## Exercise data:
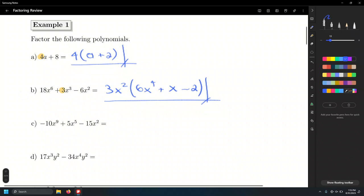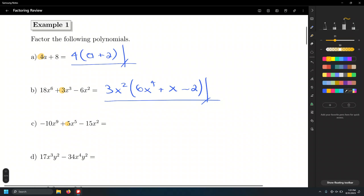Let's look at letter C. The coefficients of the terms are negative 10, 5, and negative 15. Identify the smallest — that's 5. Hopefully the other coefficients are multiples: 10 and 15 are indeed multiples of 5, so we can factor out a 5. We also look at the powers of x: x to the 9th, x to the 5th, and x to the 2nd. We can factor out the smallest power, which is x squared.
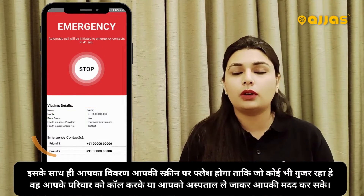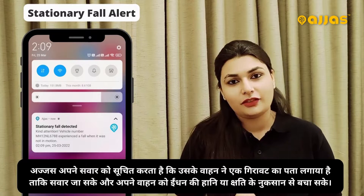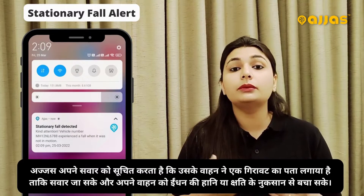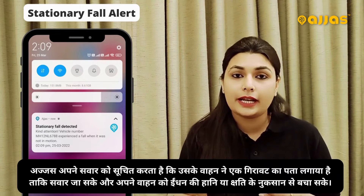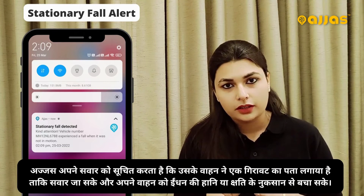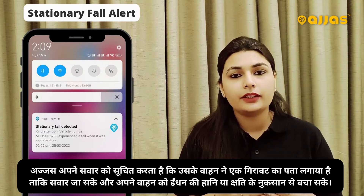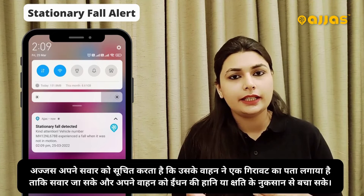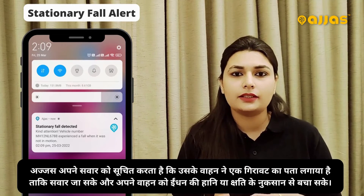Second is Stationary Fall Alert. In case of a stationary fall, we inform the rider. The Adjust application intimates the rider that his vehicle has detected a fall, so that he can go and save the bike from further fuel loss, oil leakage, and further damages like scratches and all of that.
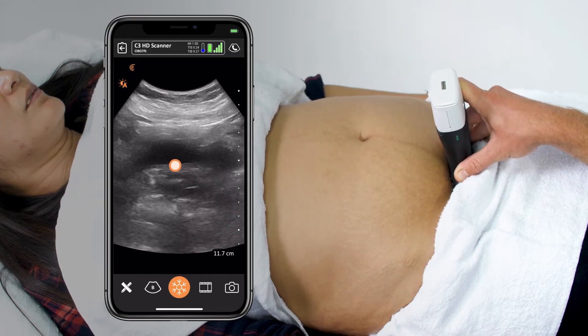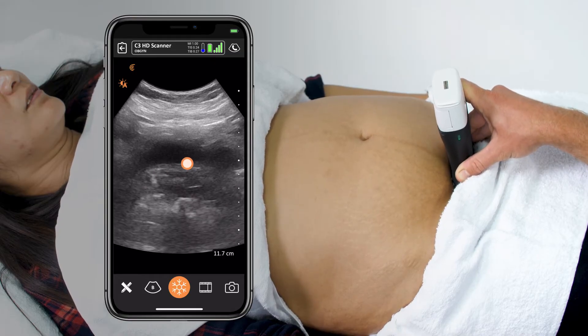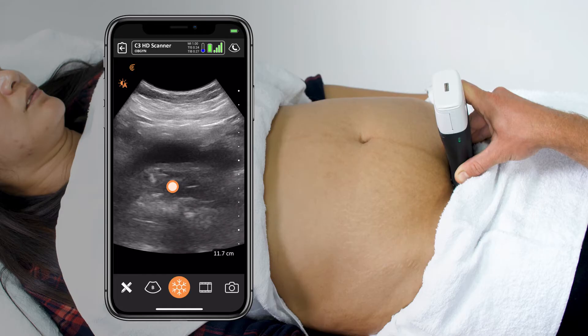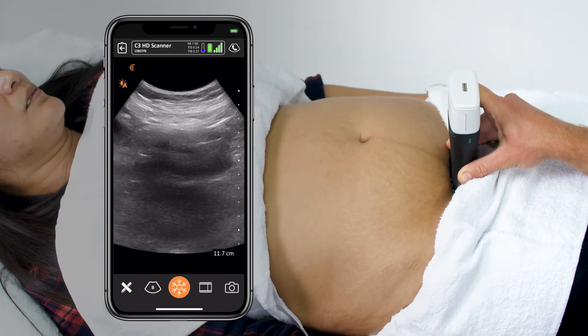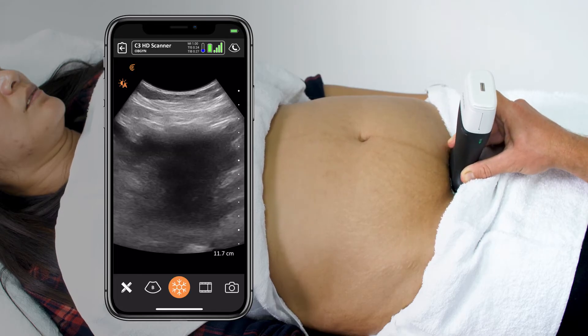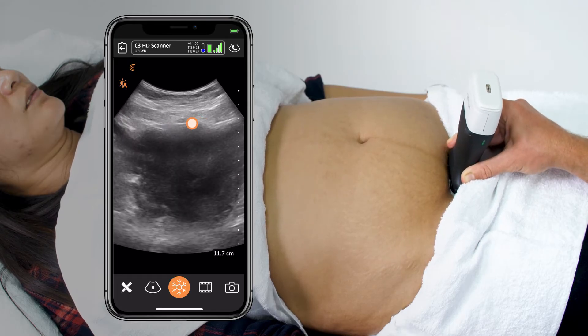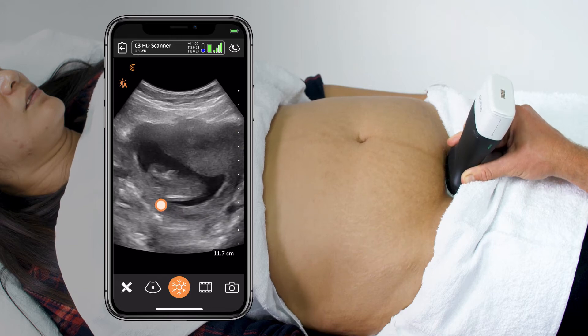Once I've confidently identified the bladder above the vaginal stripe, I'll take the top of the transducer and start tilting it towards the feet until the uterus comes into view, and ideally a fetus within it.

## Your task:
What you return should match the material line for line, with the images removed.

## Output for this exercise:
Let's look at letter C. The coefficients of the terms are negative 10, 5, and negative 15. Identify the smallest — that's 5. Hopefully the other coefficients are multiples: 10 and 15 are indeed multiples of 5, so we can factor out a 5. We also look at the powers of x: x to the 9th, x to the 5th, and x to the 2nd. We can factor out the smallest power, which is x squared.
Second is Stationary Fall Alert. In case of a stationary fall, we inform the rider. The Adjust application intimates the rider that his vehicle has detected a fall, so that he can go and save the bike from further fuel loss, oil leakage, and further damages like scratches and all of that.
Once I've confidently identified the bladder above the vaginal stripe, I'll take the top of the transducer and start tilting it towards the feet until the uterus comes into view, and ideally a fetus within it.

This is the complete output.